0

I'm trying to use allocatable arrays inside "device" data structures that reside in GPU memory. Code (pasted below) compiles, but gives a segfault. Am I doing something obviously wrong?

Module file is called 'gpu_modules.F90', given below:

!=============
! This module contains definitions for data structures and the data
! stored on the device
!=============

   module GPU_variables
   use cudafor

   type :: data_str_def

!=============
! single number quantities
!=============

      integer                       :: i, j 
      real(kind=8)                  :: a 

!=============
! Arrays
!=============

      real(kind=8),   allocatable   :: b(:)
      real(kind=8),   allocatable   :: c(:,:)
      real(kind=8),   allocatable   :: d(:,:,:)
      real(kind=8),   allocatable   :: e(:,:,:,:)

   end type data_str_def

!=============
! Actual data is here
!=============

   type(data_str_def), device, allocatable   :: data_str(:)

   contains

!=============
! subroutine to allocate memory
!=============

      subroutine allocate_mem(n1)
      implicit none 
      integer, intent(in)  :: n1 

      call deallocate_mem()

      write(*,*) 'works here'
      allocate(data_str(n1))

      write(*,*) 'what about allocating memory?'
      allocate(data_str(n1) % b(10))
      write(*,*) 'success!'

      return
      end subroutine allocate_mem

!=============
! subroutine to deallocate memory
!=============

      subroutine deallocate_mem()
      implicit none
      if(allocated(data_str)) deallocate(data_str)
      return 
      end subroutine deallocate_mem

   end module GPU_variables

Main program is 'gpu_test.F90', given below:

!=============
! main program 
!=============

    program gpu_test
    use gpu_variables
    implicit none

!=============
! local variables
!=============

    integer             :: i, j, n

!=============
! allocate data
!=============

    n       = 2                 ! number of data structures

    call allocate_mem(n)

!=============
! dallocate device data structures and exit
!=============

    call deallocate_mem()
    end program

Compilation command (from current folder) is:

pgfortran -Mcuda=cc5x *.F90 

Terminal output:

$ ./a.out 
 works here
 what about allocating memory?
Segmentation fault (core dumped)

Any help/insight and solution would be appreciated.. and no, use of pointers is not a viable option.
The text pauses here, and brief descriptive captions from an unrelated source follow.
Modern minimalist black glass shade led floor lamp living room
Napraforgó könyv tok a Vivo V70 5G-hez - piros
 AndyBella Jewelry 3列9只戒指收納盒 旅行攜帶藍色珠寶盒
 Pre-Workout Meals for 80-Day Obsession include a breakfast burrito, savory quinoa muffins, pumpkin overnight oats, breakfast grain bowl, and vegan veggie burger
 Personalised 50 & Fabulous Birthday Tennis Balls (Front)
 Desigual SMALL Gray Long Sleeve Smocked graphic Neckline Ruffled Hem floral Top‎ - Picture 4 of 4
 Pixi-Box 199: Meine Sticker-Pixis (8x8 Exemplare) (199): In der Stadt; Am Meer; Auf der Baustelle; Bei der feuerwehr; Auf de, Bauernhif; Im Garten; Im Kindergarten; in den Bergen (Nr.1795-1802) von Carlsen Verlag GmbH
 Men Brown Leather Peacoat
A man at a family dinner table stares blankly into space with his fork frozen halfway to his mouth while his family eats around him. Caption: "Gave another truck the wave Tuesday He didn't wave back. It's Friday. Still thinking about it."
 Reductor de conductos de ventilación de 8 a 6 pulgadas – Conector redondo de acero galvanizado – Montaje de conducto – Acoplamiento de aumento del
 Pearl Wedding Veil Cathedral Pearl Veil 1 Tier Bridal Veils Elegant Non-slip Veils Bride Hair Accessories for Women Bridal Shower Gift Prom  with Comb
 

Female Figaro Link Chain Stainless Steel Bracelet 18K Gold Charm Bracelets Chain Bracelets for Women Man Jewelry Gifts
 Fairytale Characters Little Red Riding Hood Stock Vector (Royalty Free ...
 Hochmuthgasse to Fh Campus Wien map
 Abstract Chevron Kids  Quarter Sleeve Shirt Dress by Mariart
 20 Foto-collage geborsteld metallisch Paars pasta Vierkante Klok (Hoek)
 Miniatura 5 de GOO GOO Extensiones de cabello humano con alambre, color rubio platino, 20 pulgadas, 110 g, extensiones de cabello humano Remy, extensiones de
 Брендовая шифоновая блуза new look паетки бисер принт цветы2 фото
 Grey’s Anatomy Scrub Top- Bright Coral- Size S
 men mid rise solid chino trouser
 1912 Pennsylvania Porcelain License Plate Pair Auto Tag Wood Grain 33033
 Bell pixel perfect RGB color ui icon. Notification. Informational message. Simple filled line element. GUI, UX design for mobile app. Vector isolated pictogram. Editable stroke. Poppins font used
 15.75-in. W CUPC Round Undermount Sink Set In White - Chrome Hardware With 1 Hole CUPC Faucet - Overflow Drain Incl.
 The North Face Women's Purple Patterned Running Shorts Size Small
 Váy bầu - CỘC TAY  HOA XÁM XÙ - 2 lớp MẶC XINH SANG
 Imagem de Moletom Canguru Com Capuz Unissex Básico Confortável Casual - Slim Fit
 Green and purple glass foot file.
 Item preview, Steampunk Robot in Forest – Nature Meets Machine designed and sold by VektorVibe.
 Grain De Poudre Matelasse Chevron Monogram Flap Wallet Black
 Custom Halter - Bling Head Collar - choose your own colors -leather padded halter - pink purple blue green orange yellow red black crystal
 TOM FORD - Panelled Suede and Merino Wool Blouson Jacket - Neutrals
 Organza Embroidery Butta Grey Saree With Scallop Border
Edit: another detail that may be relevant: I'm using pgfortran version 16.10

ansri
  • 37
  • 6
  • Note using `kind=8` is ugly and not portable (although it does not cause this error). Also, return before every end is completely superficial. – Vladimir F Героям слава Jul 21 '17 at 09:00
  • Also note that `allocate(data_str(n1) % b(10))` allocates the `b` component only for the `n1`th component of `data_str`. But that may be your intention in this simple example. – Vladimir F Героям слава Jul 21 '17 at 09:02
  • Possible duplicate https://stackoverflow.com/questions/44680150/how-to-allocate-arrays-of-arrays-in-structure-with-cuda-fortran – Vladimir F Героям слава Jul 21 '17 at 09:04
  • hi Vladimir: thanks for the replies. kind=8 was only to make things explicitly clear. Yes, i wanted to allocate only one component of the derived type, without touching the rest. I looked first at the "pointer in data structure" question too - the suggested solution was to make a host-side copy of the data structure and copy the entire thing over to the device... I'll try it out and post a reply – ansri Jul 21 '17 at 21:36
  • just tried it.. no luck making a host copy and transferring to device. – ansri Jul 21 '17 at 21:42
  • so according to the documentation (PGI openacc guide, v2015 and v2017): Arrays of derived type, where the derived type contains allocatable members, have not been tested and should not be considered supported for this release. That important feature will be included in an upcoming release ==> not sure if it refers to the openacc feature itself or the compiler in general. In any case, it seems to be an unstable feature. I guess I'll have to manually create it using pointers – ansri Jul 21 '17 at 21:51
  • I think you misunderstand the quote. OpenACC plays no role here. – Vladimir F Героям слава Jul 22 '17 at 08:04
  • You should show us what you tried and which error did you get. Please read the complete discussion in https://stackoverflow.com/questions/44680150/how-to-allocate-arrays-of-arrays-in-structure-with-cuda-fortran again. I posted there some important comments below the talonmies's myself. Please show your new code. – Vladimir F Героям слава Jul 22 '17 at 08:13
  • I am also sure you can make your code sample much shorter. A few lines should suffice here. – Vladimir F Героям слава Jul 22 '17 at 08:15

2 Answers2

1

The reason for the segmentation fault is that you have to access the memory for data_str on the host in order to allocate data_str(n1)%b. Since data_str is in device memory, not host memory, you get the segmentation fault. In theory, the compiler could create a host temp, allocate it, and then copy it to descriptor for data_str(n1)%b, but that's not part of today's CUDA Fortran.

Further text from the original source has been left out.